/hdbscan-suite

Clustering suite designed to run HDBSCAN on a dataset and perform statistical analysis on the results.

Primary LanguagePython

HDBSCAN Suite

Clustering suite designed to run HDBSCAN on a dataset multiple times with multiple parameters and perform statistical analysis on the results.

Description

For each run, HDBSCAN will be performed on the dataset with each parameter. The results for each run will be accumulated and stored in its respective directory.

Prerequisites

  • python3.5+
  • pip 10.0+

Installation

Navigate to desired directory and create a virtual environment. IMPORTANT: Make sure to set the default interpreter as python3.
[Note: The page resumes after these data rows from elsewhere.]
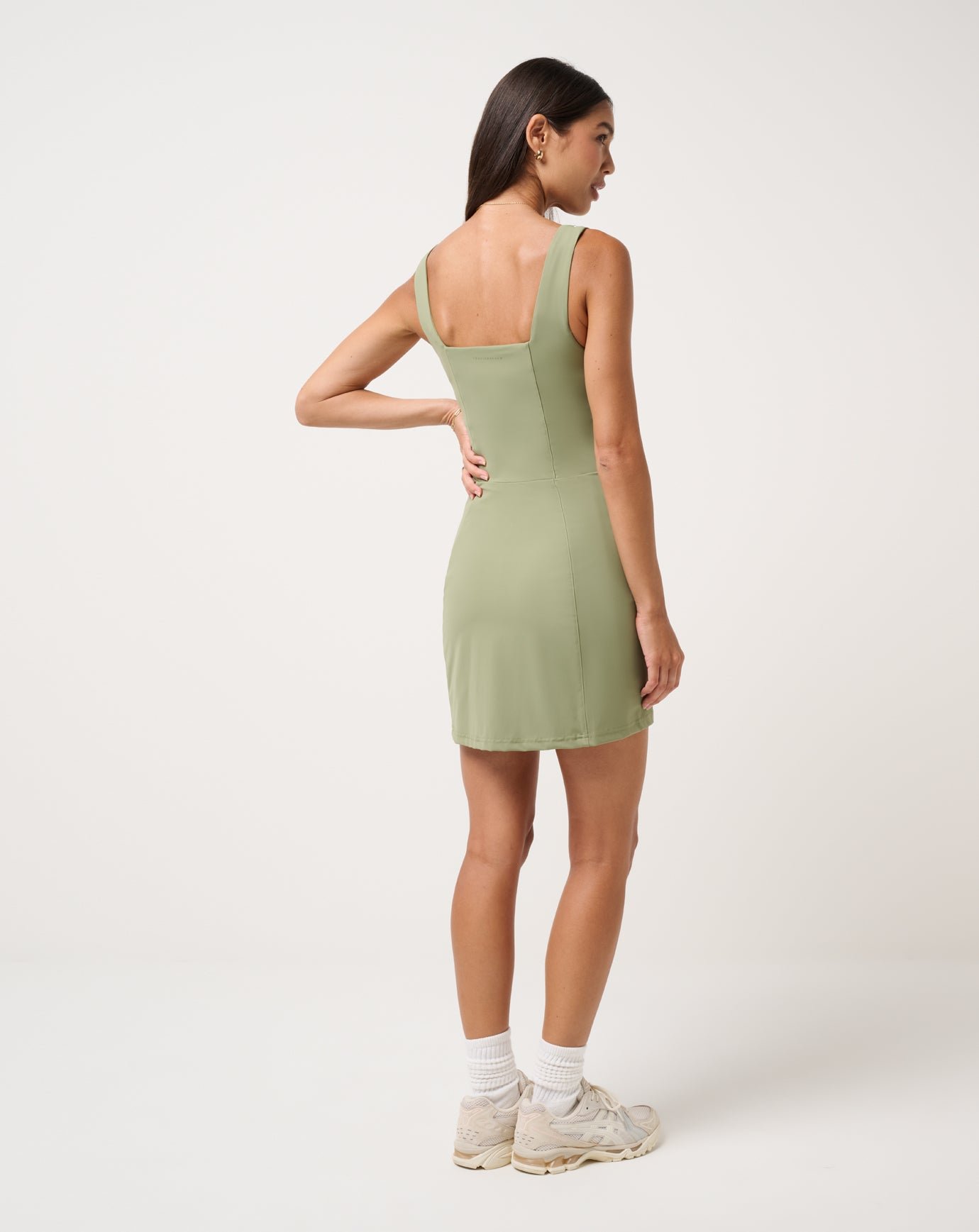 Moveknit Sleeveless 2.0 Dress image 10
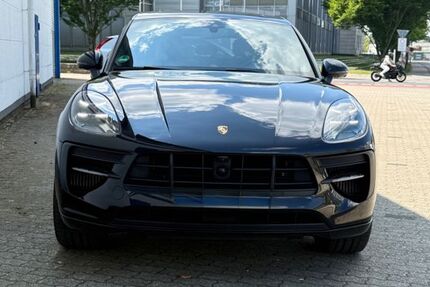 Porsche Macan 110.000 km 42.900 &euro; Düsseldorf 40545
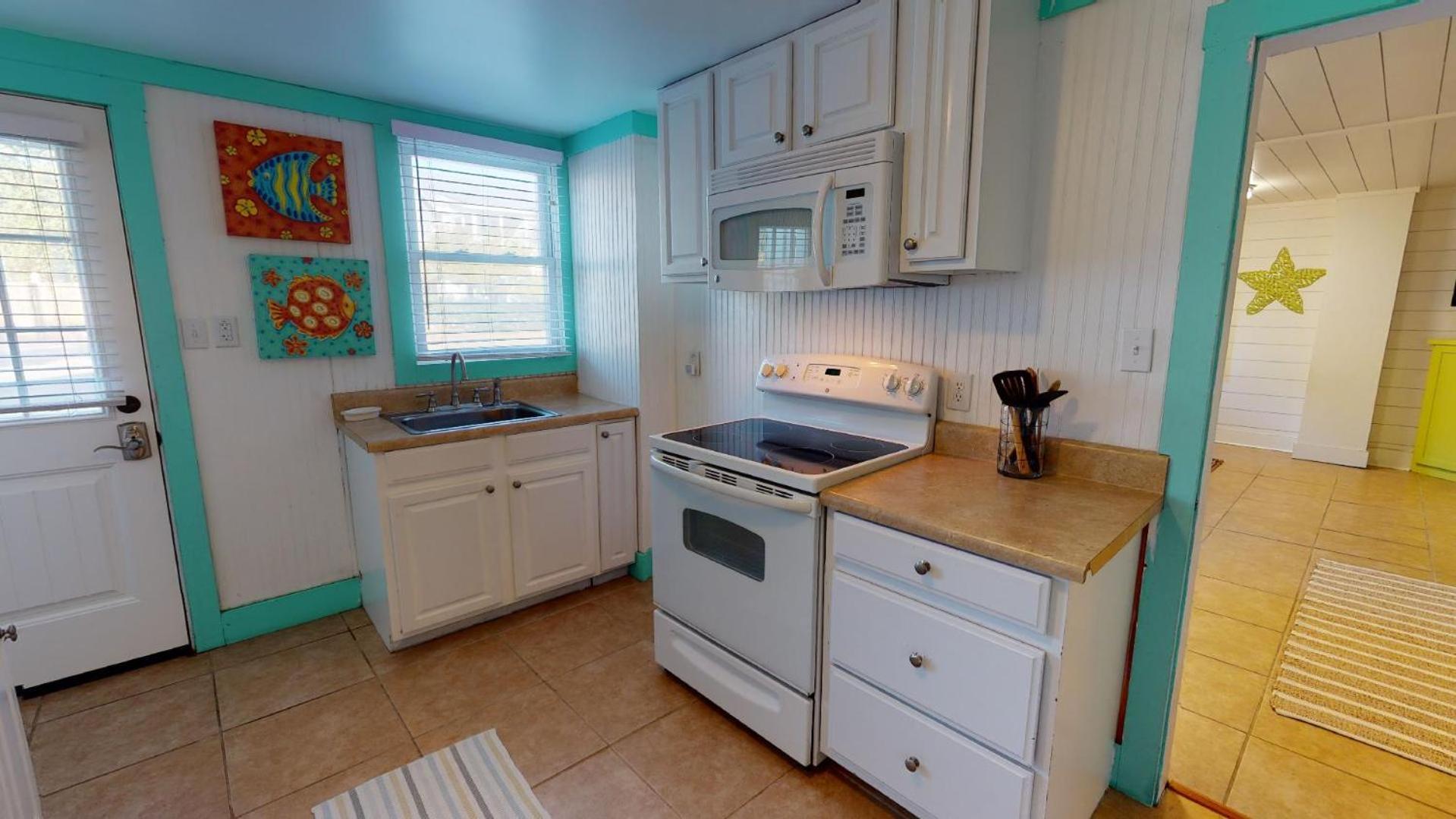 1201 Lovell Avenue By Tybee Beach Vacation Rentals Tybee Island Exterior photo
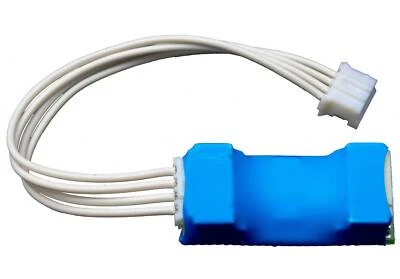 Xbox Slim, E, One, S, X, Scorpio, Fan Mod Accelerator controller for cooler Box - Image 1 of 2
virtualenv -p python3 --no-site-packages [desired environment name]

Navigate to environment directory and activate the environment.

cd [environment]
source bin/activate

Clone this repository into the environment.

git clone https://github.com/Vardominator/hdbscan-suite.git

Install necessary packages. Order is important.

pip install numpy
pip install -r requirements.txt

Usage

Save config.json.template as config.json.

cp config.json.template config.json

Using the table below, set the parameters in config.json as desired.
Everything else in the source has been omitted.